Patrick Abercrombie: post-war town planner



Patrick Abercrombie was an important figure in post-war town planning in England.

He was born in 1879 in Ashton upon Mersey which was then in Cheshire (now part of Greater Manchester). He qualified as an architect and his earliest architectural experience was in Liverpool, where he began to formulate his ideas about town planning.

In the 1920s he worked on a series of urban planning studies and proposed that London should be surrounded by a “green belt” of land that would not be subject to urban spread.

He was a member of a 1937 Royal Commission on population distribution, on which he stressed the need to mitigate the hazards of industrial and urban concentration. 

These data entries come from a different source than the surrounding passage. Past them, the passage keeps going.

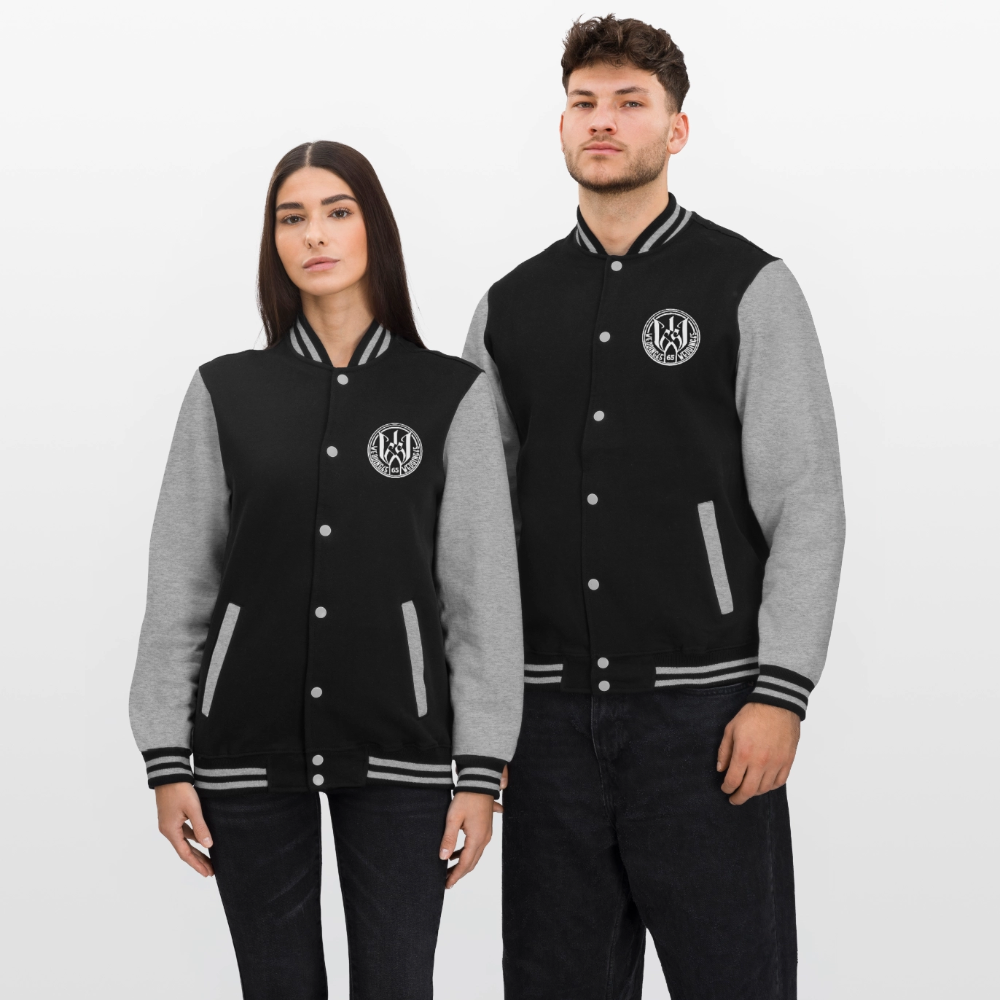 Wedding 65 Original College-Sweatjacke - Schwarz/Grau meliert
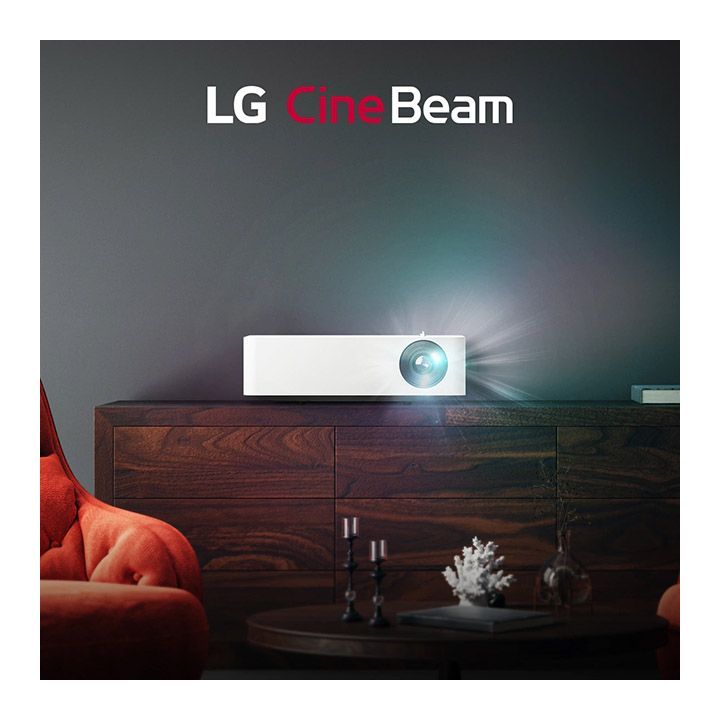 LG Full HD LED Portable Smart Home Theater CineBeam Projector | PF610P LG Full HD LED Portable Smart Home Theater CineBeam Projector | PF610P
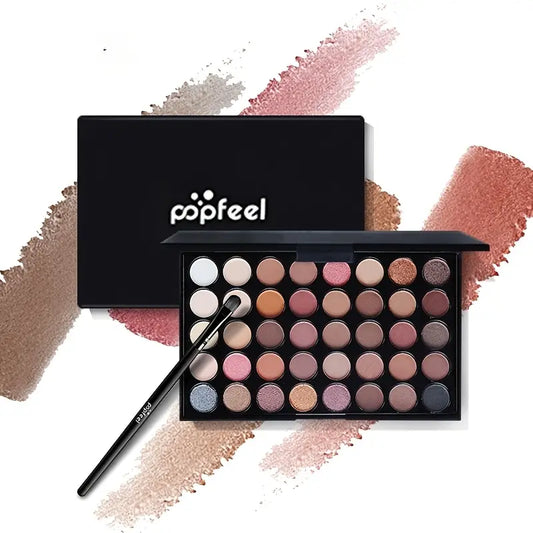 Popfeel Eyeshadow Palette With Brush (A)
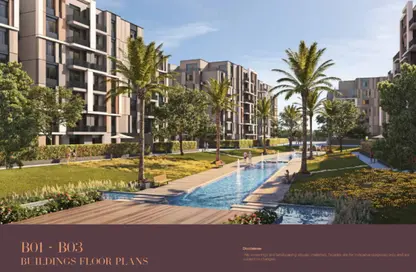 Apartment - 2 Bedrooms - 2 Bathrooms for sale in Swan Lake Residence - 5th Settlement Compounds - The 5th Settlement - New Cairo City - Cairo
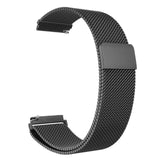 Garmin Venu 2 Venu 2S Venu SQ Compatible Stainless Steel Milanese Magnetic Bracelet Black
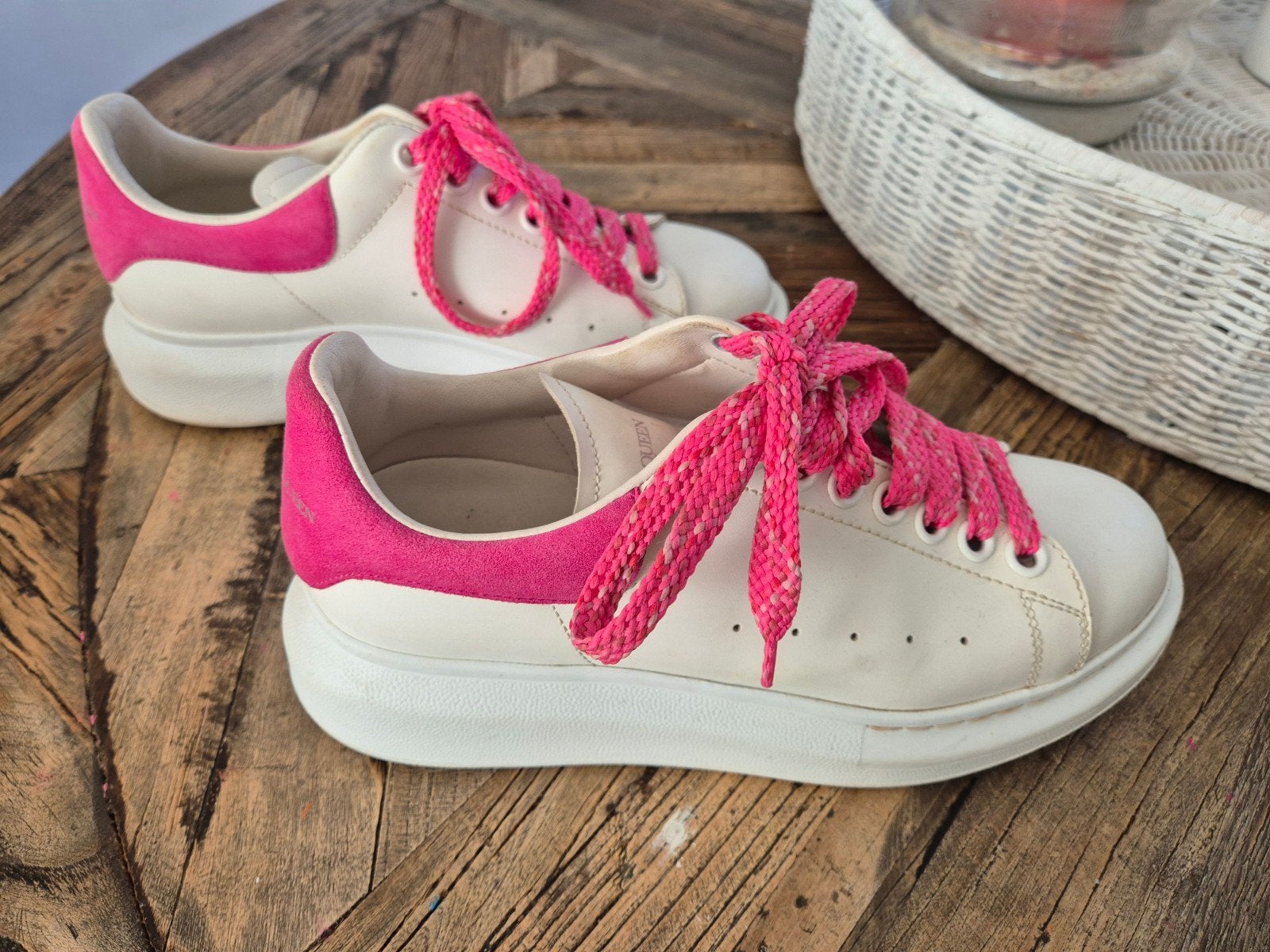 Alexander mcqueen schoenen, Wit, Ophalen of Verzenden, Alexander mcqueen, Sneakers of Gympen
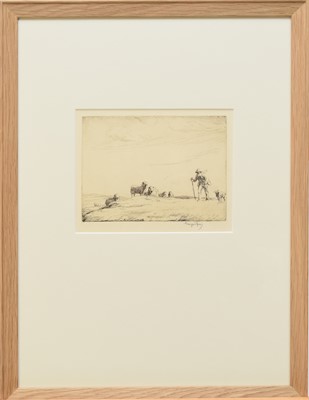 Lot 222 - George Soper RA (British 1870-1942) Two Agricultural Etchings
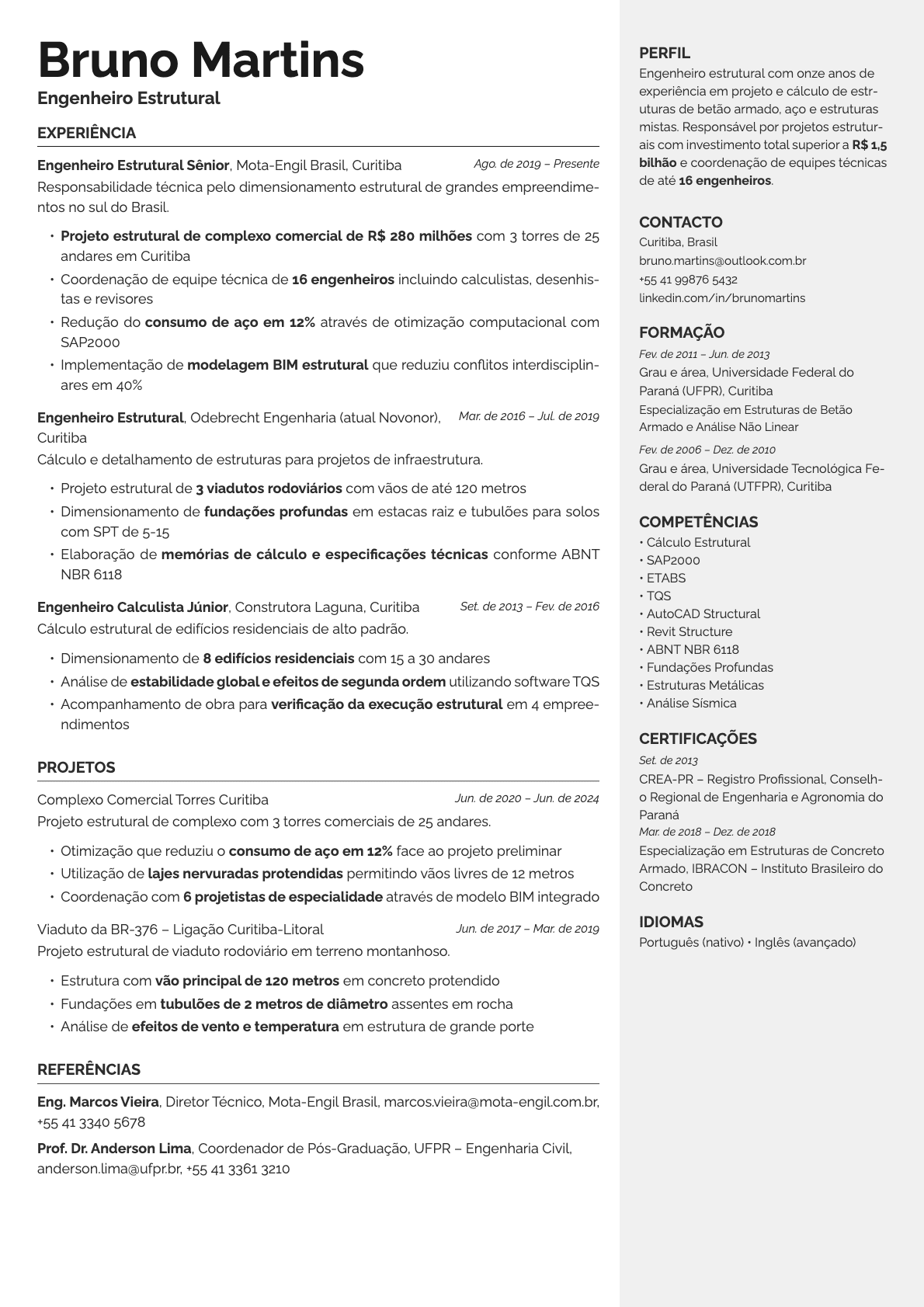 Vanta resume template preview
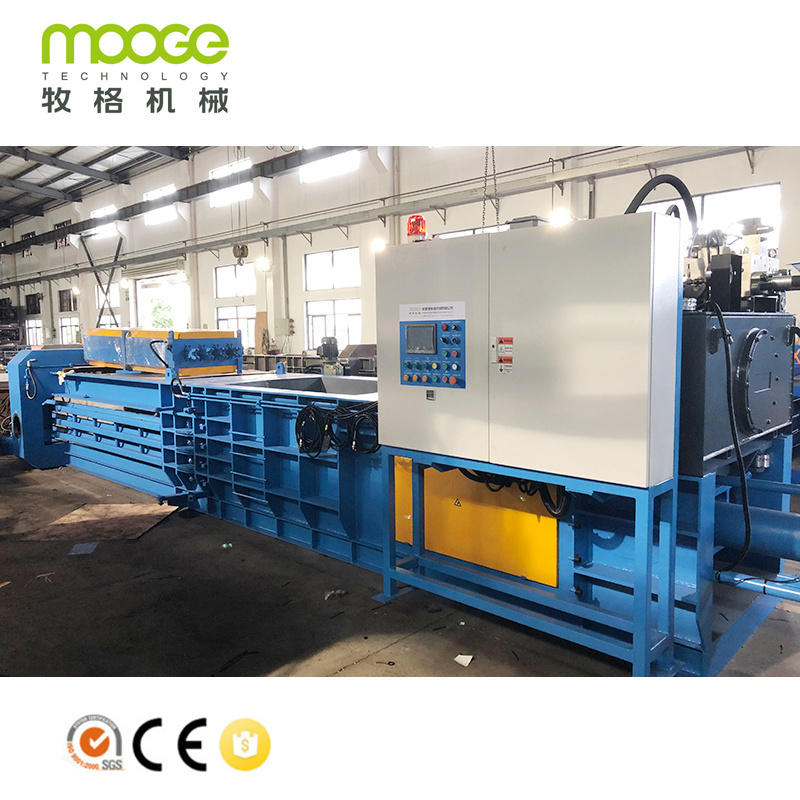 hydraulic press plastic compactor baler machine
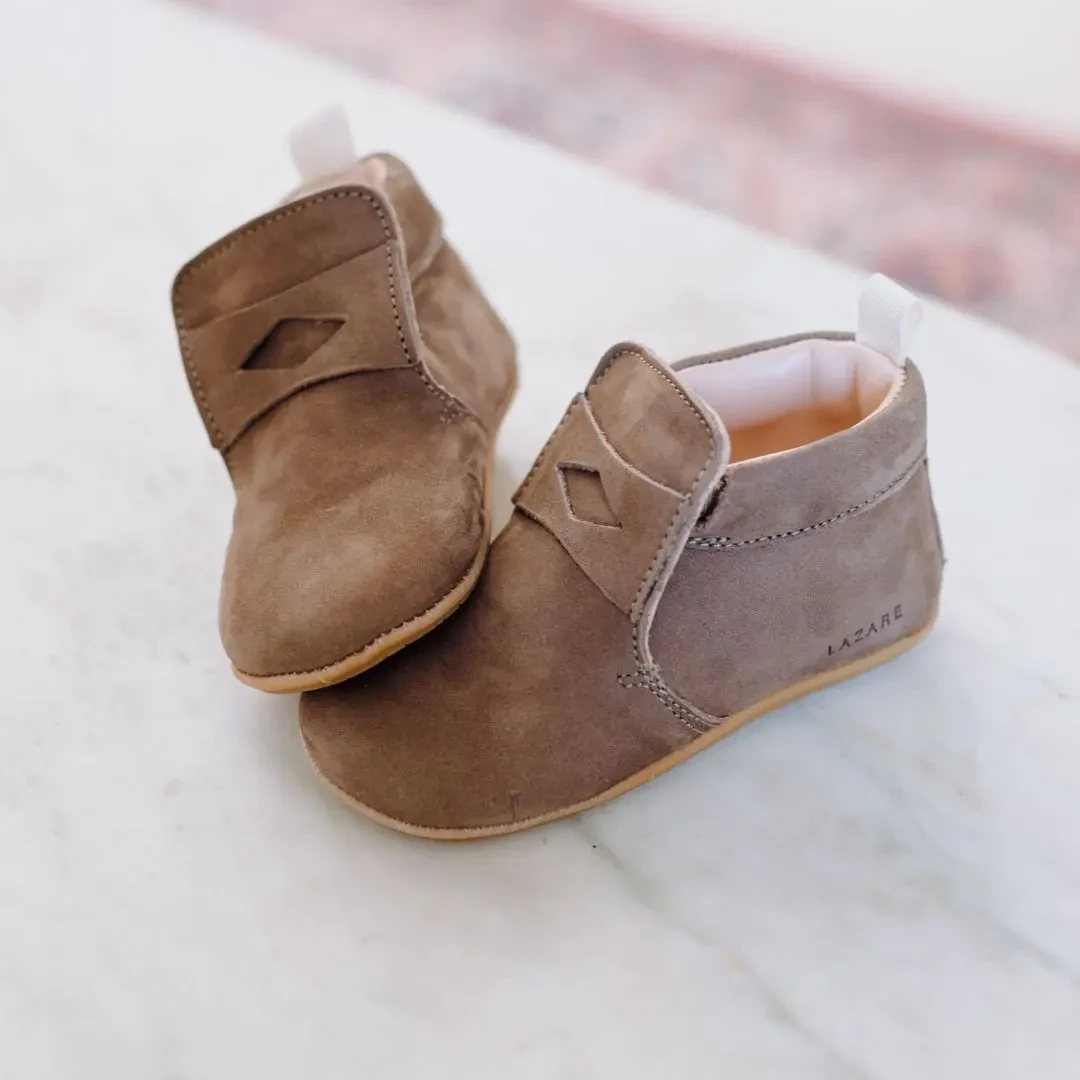 Chaussons bébé Eliot camel - Lazare Kids Shoes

The Second World War, with the intense bombing of British cities, brought the problem of urban reconstruction to the fore and gave Abercrombie the perfect opportunity to put his theories into practice.  Between 1941 and 1946 he prepared detailed plans for London and its immediate surrounds, the West Midlands, Hull, Plymouth, and the first “new towns”. 

The best surviving example of an Abercrombie planning scheme is probably Plymouth, characterized by the presence of orbital roads and the separation of traffic from pedestrians in shopping areas.

Today’s conservationists are often critical of Abercrombie’s work because of the scale of demolition of existing buildings that his plans often involved.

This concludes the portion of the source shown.